In the entries that follow, the first line to write out is the one containing "SONY CCP1300 16x", and the last is the one containing "Newyear Ghost: A". Reproduce that stretch exactly, with nothing before or after it.

**** Task inputs ****

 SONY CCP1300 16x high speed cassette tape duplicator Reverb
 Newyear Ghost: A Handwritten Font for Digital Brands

****
**** Task inputs ****

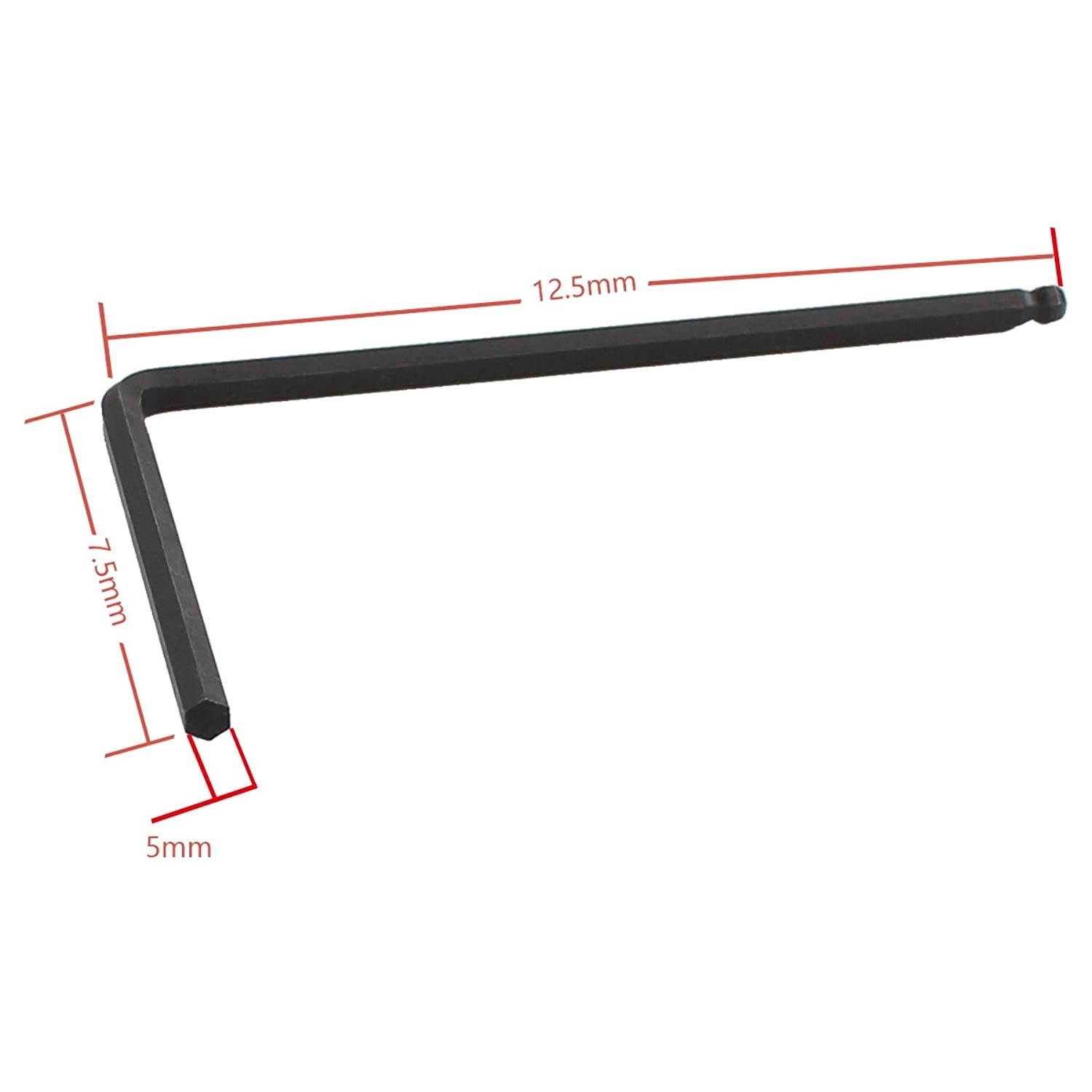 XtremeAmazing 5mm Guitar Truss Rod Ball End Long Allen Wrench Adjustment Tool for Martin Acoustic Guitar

****
**** Task inputs ****

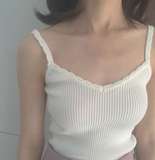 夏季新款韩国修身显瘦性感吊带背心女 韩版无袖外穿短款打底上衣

****

● Result for this exercise
 SONY CCP1300 16x high speed cassette tape duplicator Reverb
 Newyear Ghost: A Handwritten Font for Digital Brands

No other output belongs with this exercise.